Gave me kudos for an 8km ride down to the shops and back (220m of climbing).


----------



## foocheck (Apr 2, 2009)

It's totally normal for randoms to follow and kudos. Set your account to request to follow to limit /screen followers.


----------



## Stupendous Man (Jan 12, 2004)

Strava knows based on location and time if other riders rode the same trail, and will link those activities together. So its possible a stranger sees your activity and like it. You should review your privacy settings if you don't want others to see your rides, or approve who can follow you.

Also, the privacy "zones" only apply to the endpoints of a route. They only hide the exact start or end location, typically where you would park your bike, to keep the location obscured from potential thieves. It has nothing to do with the privacy settings of your rides.


----------



## ewarnerusa (Jun 8, 2004)

I'm aware of my Strava account's privacy settings and don't have a problem with strangers following me. Same with the privacy zones and on the rides where I do for some reason circle back to privacy zone mid ride, I will make an effort to make those activities private. My stranger followers are nearly all from far away places like Texas and even Russia. The only local ones seem to be friends of friends type of situations. 

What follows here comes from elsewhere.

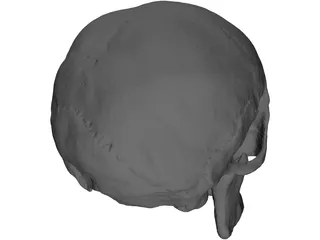 Skull Human 3D Model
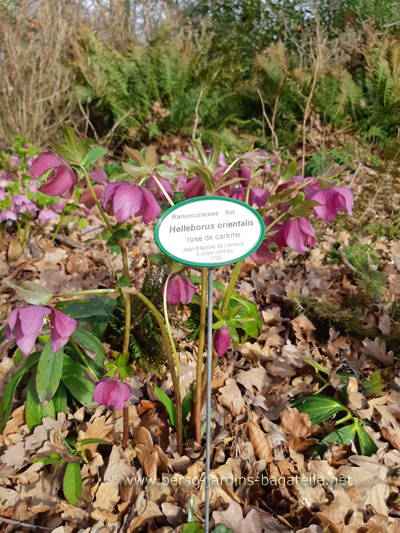 Roses de carème (Helleborus orientalis)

Utrecht is in the Netherlands.


----------



## Harold (Dec 23, 2003)

I've got people who regularly give kudos, who don't actually follow me, who live in places like Thailand. They do have massive numbers of followers (and they follow massive numbers of people, too). And sometimes they give me kudos for grocery runs and 2mi commutes and little things like that.

Whatever floats their boat. I think they purposefully LOOK for people to follow who are outside their area. Because it's always the same few people for me.


----------



## OffTheTop (Sep 20, 2015)

For a while I had a guy that always gave me random kudos. He was known for doing it. My account was even set to PRIVATE so I had to approve new follows and he wasn't following me.

Since, I joined a few riding groups on Strava and now I get a lot more randoms because we are in the same group. Some of them are consistent even though they don't follow me.

It makes my Strava feed feel a little less lonely and gives a superficial feeling of satisfaction. Of course, hopefully I will start meeting more riders in my area and it will be less superficial.


----------



## kickhorse (Aug 3, 2013)

Sometimes I'll give a random kudo to riders that were on the same trail. Strava shows their times if you were on the same segment that day so you can compare how fast (or slow) you were. If it's a local rider I see on the list alot, then I might follow. I don't think its weird or creepy. If you aren't comfortable with it, ok to make your rides private.


----------



## ewarnerusa (Jun 8, 2004)

I'm comforted knowing other people have stranger followers that love handing out kudos. Assuming I'm not their only kudo recipient, it must be quite a clicking/tapping effort to hand out kudos to all the rides that must show up in their feed.

Let's coin a term and give them a name. Strava Strangers?


----------



## Harold (Dec 23, 2003)

I occasionally run through my feed and give kudos to everyone on page 1 but not beyond that.


----------



## Procter (Feb 3, 2012)

I'm suspicious of random followers and I block them - they could actually be locals casing for burglary opportunities. Its easy to appear to be somewhere else, even if they have rides in Thailand, Utrect or wherever, you can achieve this by loading the same GPX over and over again. Just search and replace MM-DD-YY and keep the same waypoint times. 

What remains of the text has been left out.